↓↓↓
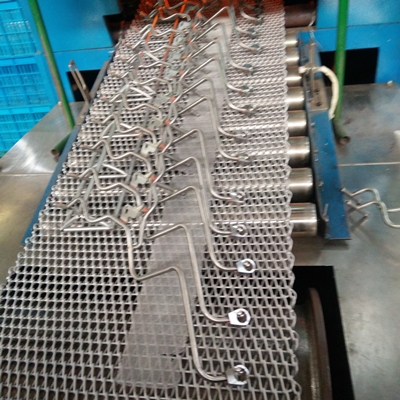 一款特殊結構的高溫金屬網帶RR網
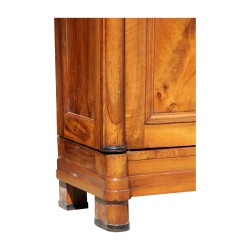Grande armoire Directoire en noyer à demi-colonnes. Avec 2 …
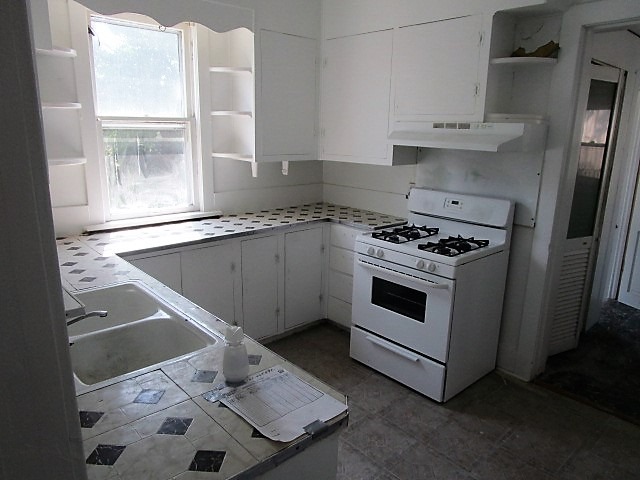 585 Page Ave, Elgin, IL 60120 photo 12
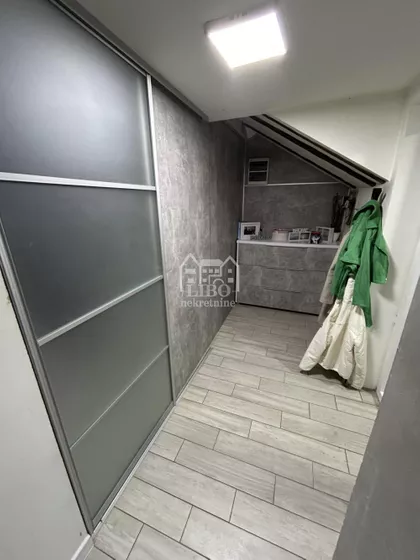 Cara Dušana | 4zida.rs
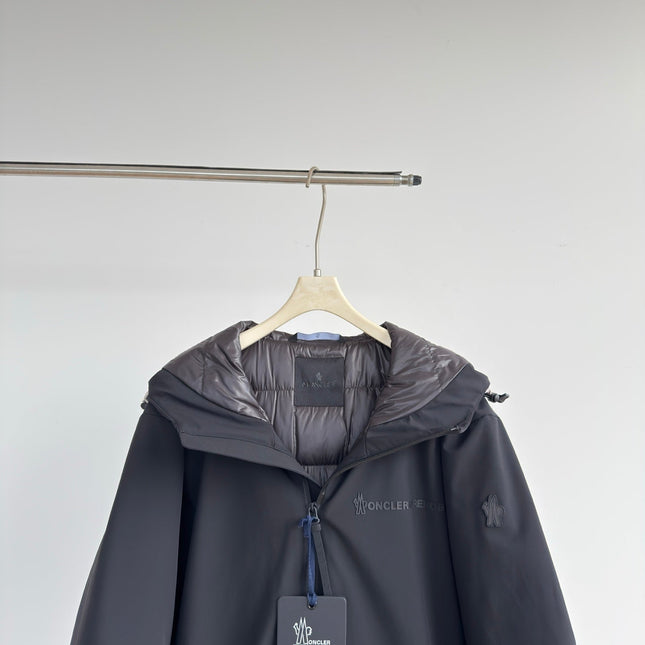 MONCLER 25S WATER-RESISTANT HOODED DOWN JACKET 230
↑↑↑
_EXERCISE REQUIREMENTS_
When you reach a picture, pass over it; write out all other material exactly.

_WORKED SOLUTION_
 一款特殊結構的高溫金屬網帶RR網
Grande armoire Directoire en noyer à demi-colonnes. Avec 2 …
 585 Page Ave, Elgin, IL 60120 photo 12
 Cara Dušana | 4zida.rs
 MONCLER 25S WATER-RESISTANT HOODED DOWN JACKET 230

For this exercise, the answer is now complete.